The DOPE (Discrete Optimized Protein Energy) potential is based on an improved physical reference state that corresponds to non-interacting atoms in a homogeneous sphere with the radius dependent on a sample native structure. Its variants (DOPE-normal (Normalized DOPE by z score) and DOPE-HR (the bin size is 0.125 Å, a higher resolution than DOPE)) are also used.

The GOAP potential is a generalized orientation and distance-dependent all-atom statistical potential, which depends on the relative orientation of the planes associated with each heavy atom in interacting pairs.

The RWplus potential is based on the pair-wise distance-dependent atomic statistical potential function RW⁵³, and contains a side-chain orientation-dependent energy term.

The evaluation scores from other model quality assessment programs are also extracted as additional features, which include the Frst⁵⁴, ProQ⁶, RFMQA¹¹, SIFT⁵⁵ and SELECTpro⁵⁶ software.

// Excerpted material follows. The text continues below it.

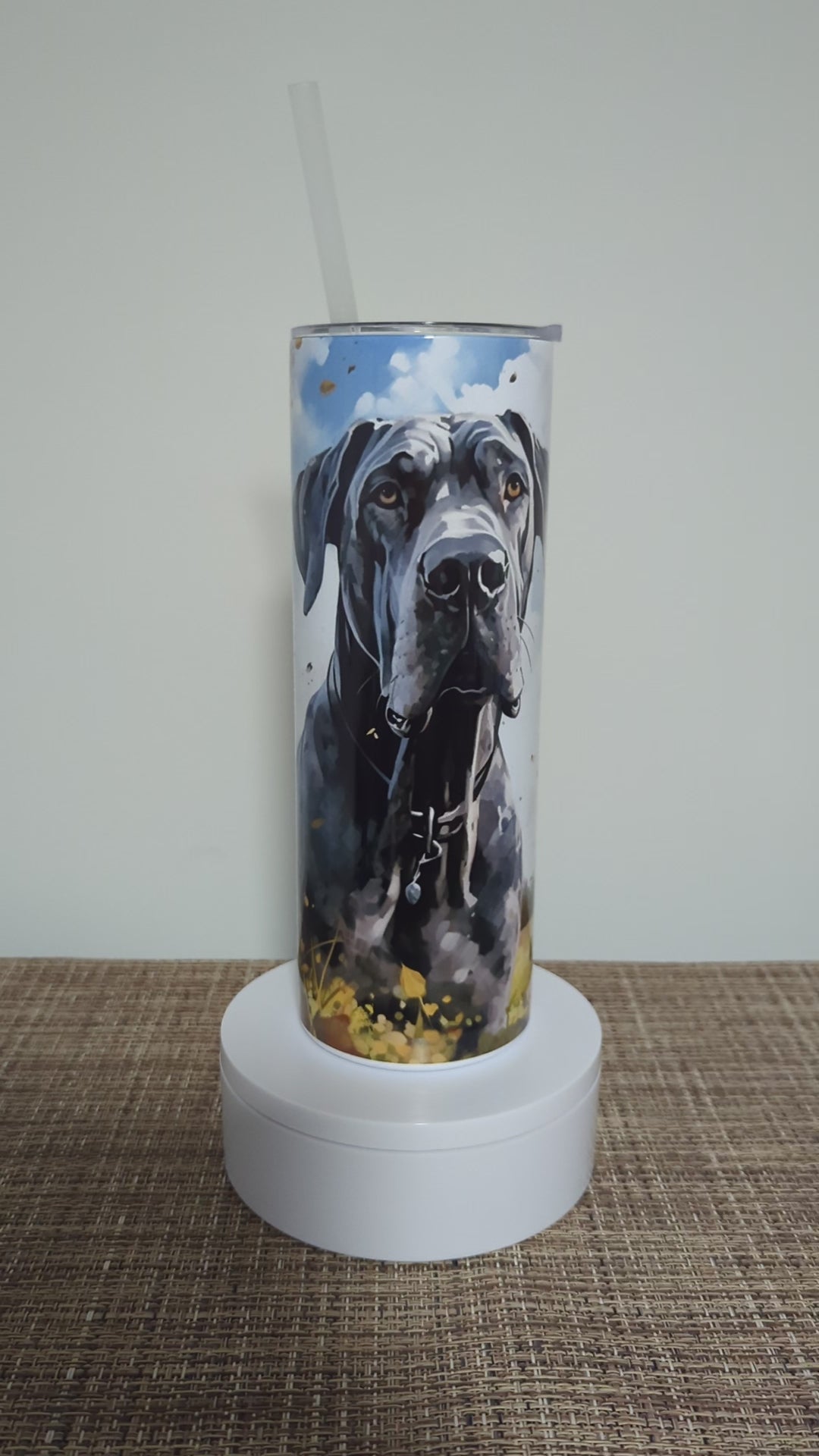 Great Dane Tumbler  20oz With Reusable Straw, Can Be Personalized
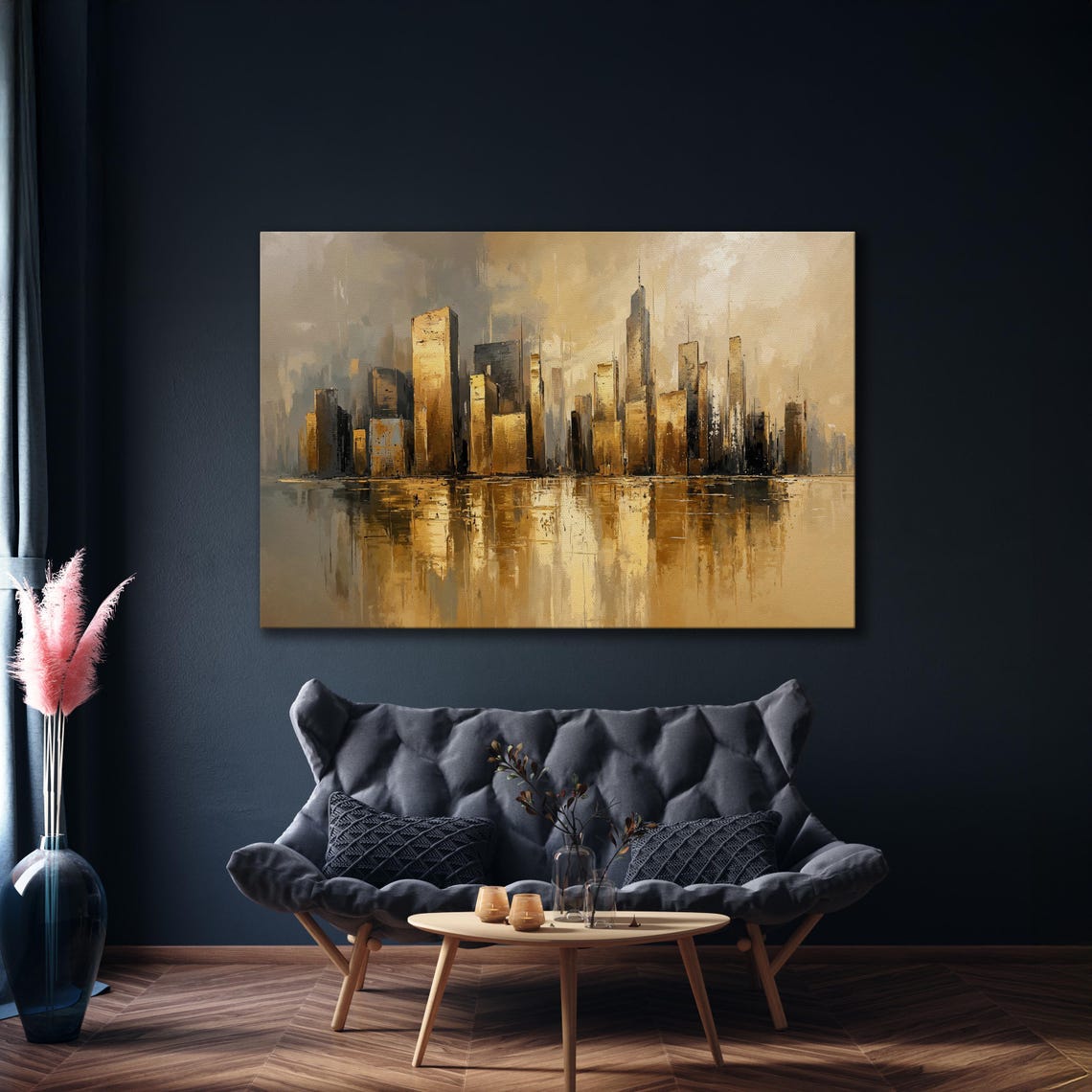 Hazy Golden City Skyline Reflection in Water Elegant Art Poster - Image 5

The Frst software’s output is based on four knowledge-based potentials: RAPDF potential, SOLV potential, HYDB potential, and TORS potential, and the Frst energy is a weighted linear combination of the four potentials. Besides the combination potential, the individual potentials are also used as the features in our method.

The ProQ is a neural-network-based method to predict the protein model quality. It uses structural information which contains the frequency of atom contacts and residue contacts, solvent accessibility surfaces, the fraction of similarity between predicted secondary structure and the secondary structure in the model, and the difference between the all-atom model and the aligned C-alpha coordinates from the template.

The RFMQA is a random forest based model quality assessment using structural features and knowledge-based potential energy terms. Here we used an analogous strategy as RFMQA to extract four protein secondary structure features and two solvent accessibility features. For protein secondary structure features, the focus is the consistency between predicted and actual secondary structures of a target protein. For each decoy model, we use DSSP⁵⁷ to calculate its secondary structures and PSIPRED⁵⁸ to predict the secondary structures of the target sequence. The fraction of consistent secondary structural element (alpha-helix, beta-strand and coil) between the DSSP label and the PSIPRED output is calculated by dividing the consistency number by its total chain length, and the total consistency RFMQA-SS-total score is also used as a feature. For solvent accessibility features, the absolute solvent accessibility of the model is computed by DSSP and relative solvent accessibility is computed by ACCpro5⁵⁹. These two vectors are compared and transformed into a Pearson Correlation Coefficient and a cosine value as two features.

The SIFT is a program that uses averaged (i.e. amino acid independent) radial distribution functions (RDF) to discriminate properly packed models from misfolded ones. It produces two alternative scores: one based on RDF only and the other based on a combination of RDF and other sequence-independent filters.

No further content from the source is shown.